As it stands today, with Trump smarting under allegations of Russian influence in the presidential polls and the subsequent US actions against Russia, added to the Western sanctions imposed on it, Russia perhaps needs China more than China needs Russia to stand firm against a unipolar global order, led by America and a united Europe overseen by the EU. Russia’s relationship with China, according to Chinese President Xi Jinping, is at the “best level in history”. Xi has visited Moscow more often than any other capital since coming to power in 2012. For India, the real threat is a durable Russo-Chinese-Pak entente which, by the nature of its origin, is dark and insidious. And it happened during the reign of Vladimir Putin.

Russia’s decision to hold its first-ever joint military exercise with Pakistan, days after the Uri terror strike, which left 19 Indian soldiers dead, with Putin at the helm, rankled India to no end. It was brushed under the carpet and the Russians tried to justify it by saying that the “exercise was meant to help Pakistan deal with terrorism”. Actually, Russia’s relations with Pakistan have been looking up since the early 2000s. Observers point out how Russia was acting in tandem with China to promote Pakistan’s ambitions in Afghanistan.

Take two issues that remain sensitive to India’s interests. First, is the emotive issue of India’s admission into the Nuclear Suppliers Group (NSG), steadfastly opposed by China on an exclusionary ground which by extension means the admission of Pakistan. Russia’s apparently unstinted support for India’s membership was later qualified by Russian Foreign Minister Sergey Lavrov, echoing China, by implicitly linking India’s membership of the NSG to that of Pakistan. And the other one was his insinuation to New Delhi to find ways to “benefit from” the Chinese-sponsored Belt and Road Initiative (OBOR), coursing through Pakistan Occupied Kashmir (PoK). That it remained central to India’s territorial claims was lost on him. By supporting the China-Pakistan Economic Corridor (CPEC) through internationally disputed territory and engaging with the Pakistan-backed Taliban, Russia made common cause with India’s regional adversaries.

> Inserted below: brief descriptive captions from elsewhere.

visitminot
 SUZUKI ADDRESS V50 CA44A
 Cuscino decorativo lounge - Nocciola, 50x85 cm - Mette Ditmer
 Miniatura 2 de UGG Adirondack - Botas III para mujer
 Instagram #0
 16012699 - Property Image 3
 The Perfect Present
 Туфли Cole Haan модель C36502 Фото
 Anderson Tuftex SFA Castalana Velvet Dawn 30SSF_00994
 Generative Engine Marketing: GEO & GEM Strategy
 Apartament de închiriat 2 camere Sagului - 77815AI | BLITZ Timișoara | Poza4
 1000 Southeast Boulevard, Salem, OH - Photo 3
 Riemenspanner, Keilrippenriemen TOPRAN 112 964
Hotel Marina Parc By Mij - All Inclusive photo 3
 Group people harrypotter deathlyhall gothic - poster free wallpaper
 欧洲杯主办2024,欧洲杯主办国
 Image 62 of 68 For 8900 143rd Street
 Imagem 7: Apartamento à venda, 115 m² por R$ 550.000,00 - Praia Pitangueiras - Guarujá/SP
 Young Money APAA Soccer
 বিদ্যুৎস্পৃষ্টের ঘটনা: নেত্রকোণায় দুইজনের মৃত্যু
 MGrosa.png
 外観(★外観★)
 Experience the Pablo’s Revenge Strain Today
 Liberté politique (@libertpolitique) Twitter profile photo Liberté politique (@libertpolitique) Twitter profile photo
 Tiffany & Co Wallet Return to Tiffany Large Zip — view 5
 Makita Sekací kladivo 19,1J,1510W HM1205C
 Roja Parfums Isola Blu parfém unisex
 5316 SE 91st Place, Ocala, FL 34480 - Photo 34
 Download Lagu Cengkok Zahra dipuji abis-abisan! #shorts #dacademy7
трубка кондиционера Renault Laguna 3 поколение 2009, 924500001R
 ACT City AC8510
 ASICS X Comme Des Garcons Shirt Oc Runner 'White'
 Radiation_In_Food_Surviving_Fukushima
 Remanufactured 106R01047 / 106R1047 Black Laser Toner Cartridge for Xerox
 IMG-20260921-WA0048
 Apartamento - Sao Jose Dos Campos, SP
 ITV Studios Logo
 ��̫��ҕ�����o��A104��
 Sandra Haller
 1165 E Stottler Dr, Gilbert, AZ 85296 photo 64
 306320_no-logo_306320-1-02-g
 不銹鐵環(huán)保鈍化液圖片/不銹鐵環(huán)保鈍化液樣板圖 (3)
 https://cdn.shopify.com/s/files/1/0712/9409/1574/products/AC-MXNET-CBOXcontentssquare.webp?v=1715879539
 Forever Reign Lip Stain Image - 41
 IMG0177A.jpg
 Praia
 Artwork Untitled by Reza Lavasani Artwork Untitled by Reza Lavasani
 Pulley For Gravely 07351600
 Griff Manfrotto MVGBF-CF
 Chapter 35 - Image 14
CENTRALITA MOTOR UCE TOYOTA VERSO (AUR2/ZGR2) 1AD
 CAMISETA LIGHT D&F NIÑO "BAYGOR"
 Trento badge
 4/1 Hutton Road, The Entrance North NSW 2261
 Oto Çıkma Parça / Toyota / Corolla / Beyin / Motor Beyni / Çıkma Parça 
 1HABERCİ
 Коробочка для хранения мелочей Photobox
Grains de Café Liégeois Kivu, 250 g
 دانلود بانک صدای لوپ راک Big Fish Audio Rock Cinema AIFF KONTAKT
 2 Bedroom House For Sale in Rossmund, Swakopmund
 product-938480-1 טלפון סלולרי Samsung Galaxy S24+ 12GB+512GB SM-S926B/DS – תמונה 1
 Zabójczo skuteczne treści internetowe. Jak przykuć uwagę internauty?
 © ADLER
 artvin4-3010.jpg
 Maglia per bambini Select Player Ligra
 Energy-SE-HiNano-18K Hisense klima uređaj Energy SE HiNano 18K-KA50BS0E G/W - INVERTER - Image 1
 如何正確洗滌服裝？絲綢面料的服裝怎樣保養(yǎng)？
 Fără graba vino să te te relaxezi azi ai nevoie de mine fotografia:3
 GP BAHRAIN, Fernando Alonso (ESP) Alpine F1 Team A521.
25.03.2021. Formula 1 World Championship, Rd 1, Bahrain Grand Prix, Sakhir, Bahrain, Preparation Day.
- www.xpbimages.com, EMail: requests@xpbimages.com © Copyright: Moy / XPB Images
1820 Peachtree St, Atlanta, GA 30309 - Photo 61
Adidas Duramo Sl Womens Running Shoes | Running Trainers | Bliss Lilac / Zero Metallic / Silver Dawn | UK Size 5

In the alchemy of shifting strands in the geopolitical affairs, the new Russia under Putin might not find an India ready to lend a shoulder to it in its fight against American power and hegemony, particularly in Asia. During his visit to New Delhi in 1998, Yevgeny Primakov, the then prime minister of Russia, had suggested the possibility of building a ‘strategic triangle’ between Russia, India, and China, as a “viable opposition to American supremacy.” Under Putin though, to have China on board with India against the US is now a pipe-dream. Similarly, as the Russian silence on Doklam showed, India cannot have Russia any longer to counter-balance China. Russia is a very different country today than it was in 2000 when Putin first became the president. Putin had set about restoring the legacy of brute Russia. India’s real struggle is to remain relevant in the rapidly changing scheme of things.